Cette perspective ethnographique multi-située constitue l’un des apports décisifs de ce livre. Rompant avec des approches normatives (la diversité est-elle une ruse ou un dévoiement de l’égalité ?) évaluatives (la diversité est-elle efficace ?), et parfois réifiantes (quels sont les attributs du concept de diversité ?), E. Berrey analyse les usages du discours de la diversité dans des contextes variés, et en relation avec des pratiques. S’identifiant comme « cultural sociologist » dans le champ de la sociologie étatsunienne, elle s’intéresse à la manière dont les acteurs – ici principalement des élites sociales – catégorisent le monde, tracent des frontières entre les choses, et dont ces constructions discursives légitiment ou délégitiment des hiérarchies, des pratiques, et contribuent ainsi à reproduire ou déplacer l’ordre social : « quels sont les intérêts servis, les points de vue représentés, et les stratégies d’action validées ? » (p. 5).

La confrontation des trois cas met en évidence des convergences saisissantes : dans le monde de l’enseignement supérieur, dans celui des politiques urbaines comme dans celui des affaires, la diversité est un discours mobilisé par les élites, majoritairement blanches ; dans ces différents contextes, ce discours contribue à véhiculer une vision « pacifiée et productive de l’ordre racial », euphémisant les inégalités structurelles et déstigmatisant les groupes dominants ; partout, le discours de la diversité sert d’appui à une « inclusion sélective », privilégiant les individus de l’élite, qui incarnent les valeurs de l’ordre néolibéral ; partout, la diversité semble être devenu un cadre discursif indépassable, presque impossible à contester.

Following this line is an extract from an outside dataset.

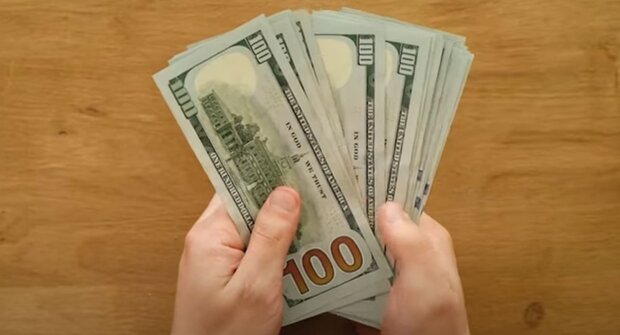 Украинцам дадут от 3 до 8 тысяч долларов: кто и как может получить помощь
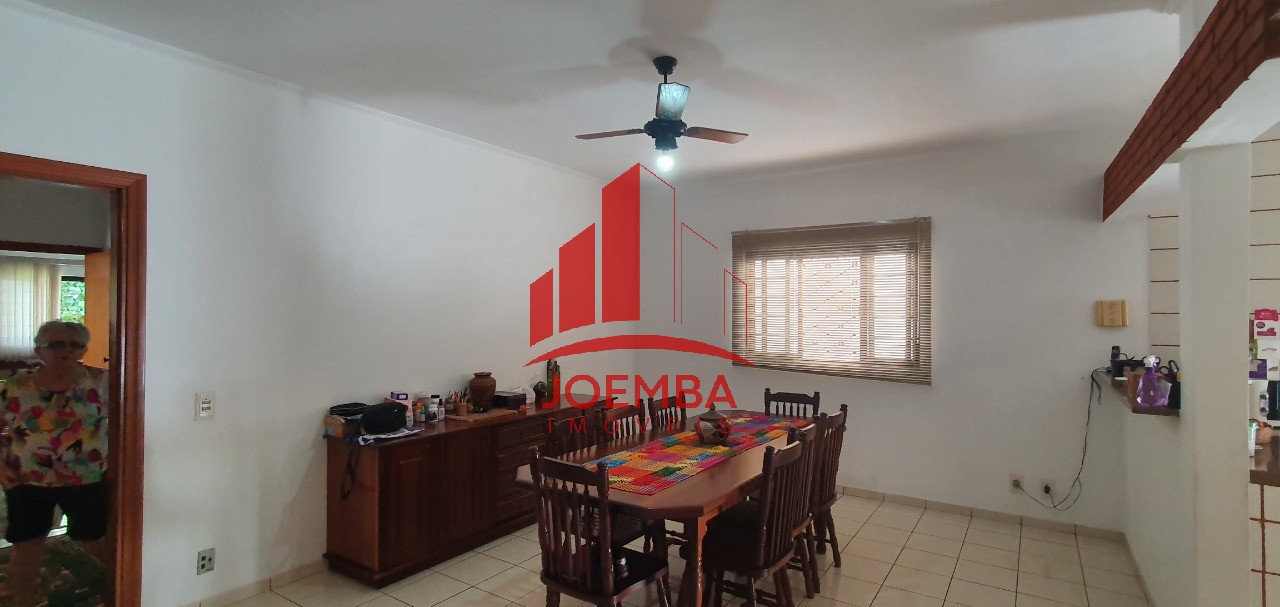 Casa com 3 quartos à venda, 269m² — foto 22 de 35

L’irrésistible ascension de la diversité

Dans un premier chapitre très riche, E. Berrey met en évidence l’enchevêtrement des facteurs qui permettent de comprendre le « tournant de la diversité » (the turn to diversity). Il prend d’abord racine dans les réformes des civil rights et de l’affirmative action qui, dès les années 1960, consacrent l’objectif de représentation des Afro-Américains et d’autres groupes désavantagés parmi les élites. Mais c’est en 1978, dans le célèbre arrêt Bakke de la Cour suprême [2], que l’argument de la diversité trouve sa première formulation juridique : selon l’opinion déterminante du juge Powell, les mesures d’affirmative action peuvent être légales dès lors qu’elles ne sont plus justifiées en termes de justice corrective (remedial justice) au bénéfice des minorités, mais qu’elles le sont au nom des bénéfices institutionnels attendus d’un corps étudiant « divers » – l’appartenance ethno-raciale ne constituant qu’un élément, parmi d’autres, de cette diversité. Cette rhétorique utilitariste prend son essor, rappelle E. Berrey, dans un contexte de contestations de plus en plus frontales des programmes d’affirmative action, de la part d’un mouvement conservateur revigoré et agissant désormais sous la bannière de l’égalité de traitement et de « l’aveuglement à la couleur » (colorblindness) plutôt qu’au nom de la « suprématie blanche » (white supremacy).

Le discours de la diversité puise aussi dans des courants intellectuels qui gagnent une popularité croissante dans les années 1970 puis 1980, tels que le pluralisme culturel (cultural pluralism), qui entend valoriser la contribution culturelle de différents groupes ethniques pour le bien de tous, et le multiculturalisme, qui associe à la valorisation des cultures une analyse critique des rapports de pouvoir entre groupes. Enfin, le discours de la diversité se nourrit des transformations récentes du capitalisme, marquées par la montée en puissance de la finance et la globalisation des marchés. Dans ce mouvement d’intensification de la compétition, les identités ethno-raciales ont été investies de manière croissante par une diversité d’acteurs pour accroitre la valeur marchande d’une université, d’un quartier ou encore d’une marque de café.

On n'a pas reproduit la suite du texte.